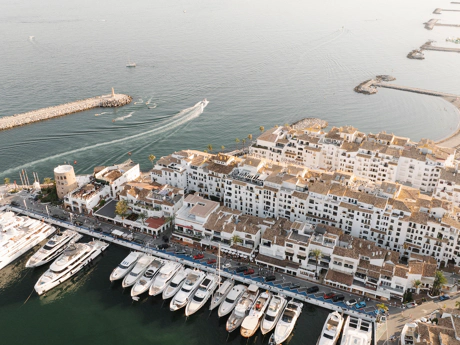 Prestige Living and Investment Opportunity in the Heart of Puerto Banús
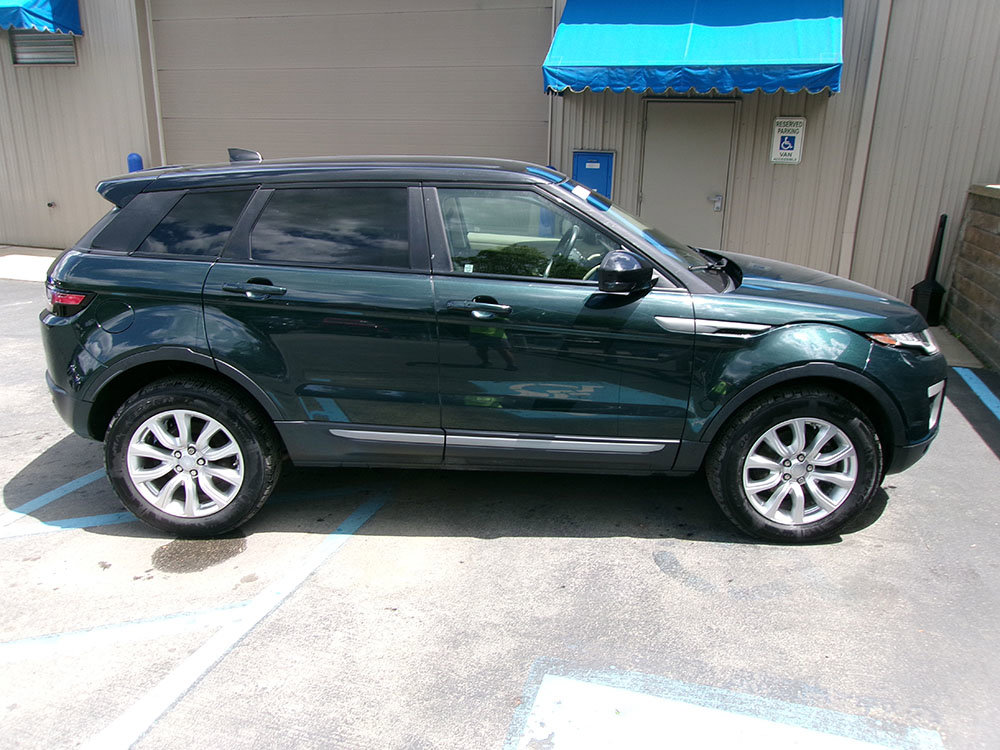 Used 2017 Land Rover Range Rover Evoque SE image 6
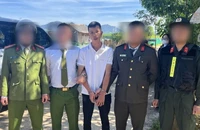 Đối tượng Trần Đông Lập (áo trắng) đã bị bắt lực lượng chức năng bắt giữ tại huyện A Lưới, tỉnh Thừa Thiên Huế.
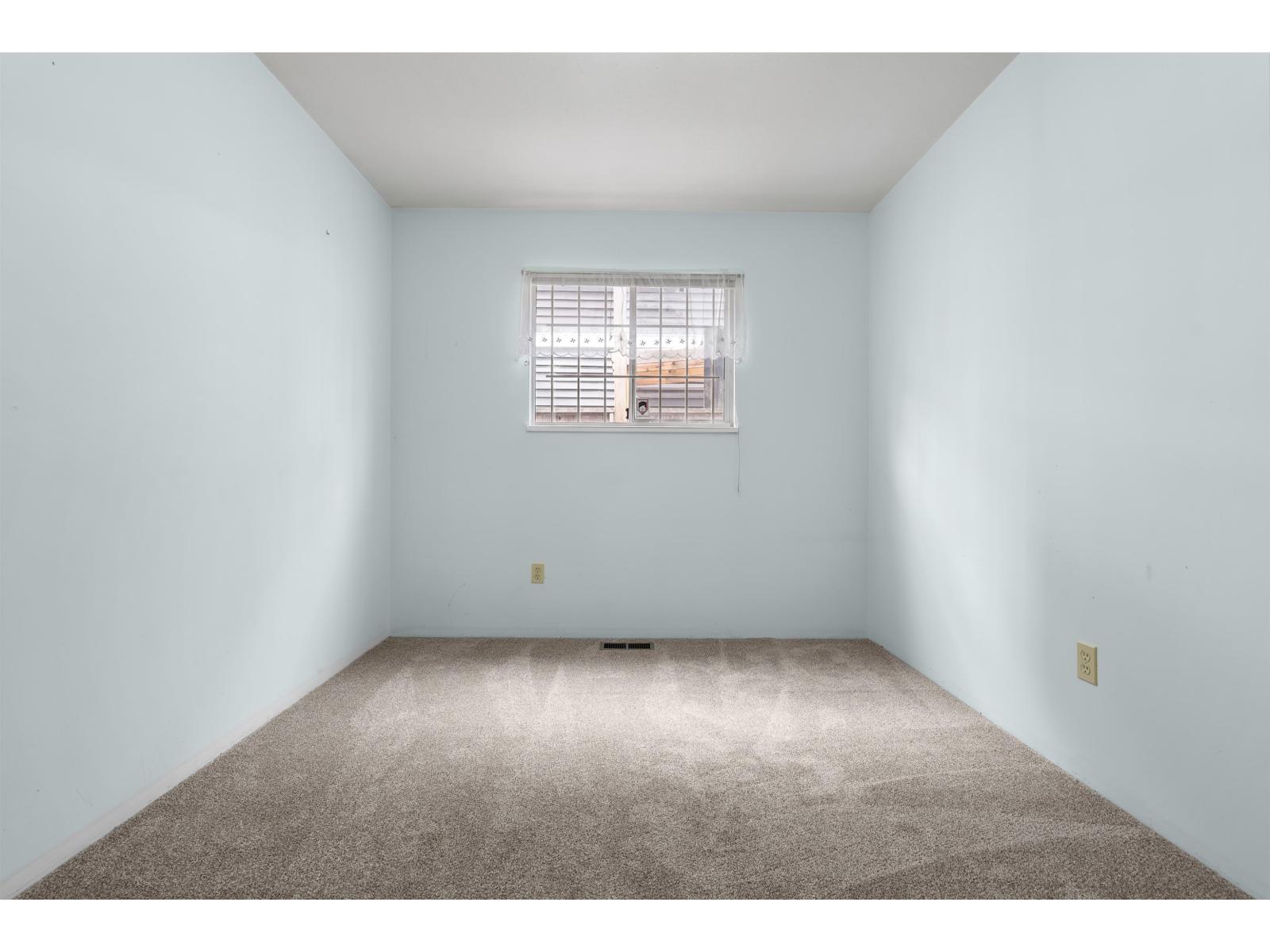 26439 28 Avenue Property Photo 20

=== TASK REQUIREMENTS ===
Omit the pictures and repeat the rest of the listing verbatim.

=== OUTPUT FOR THIS TASK ===
 Prestige Living and Investment Opportunity in the Heart of Puerto Banús
 Used 2017 Land Rover Range Rover Evoque SE image 6
 Đối tượng Trần Đông Lập (áo trắng) đã bị bắt lực lượng chức năng bắt giữ tại huyện A Lưới, tỉnh Thừa Thiên Huế.
 26439 28 Avenue Property Photo 20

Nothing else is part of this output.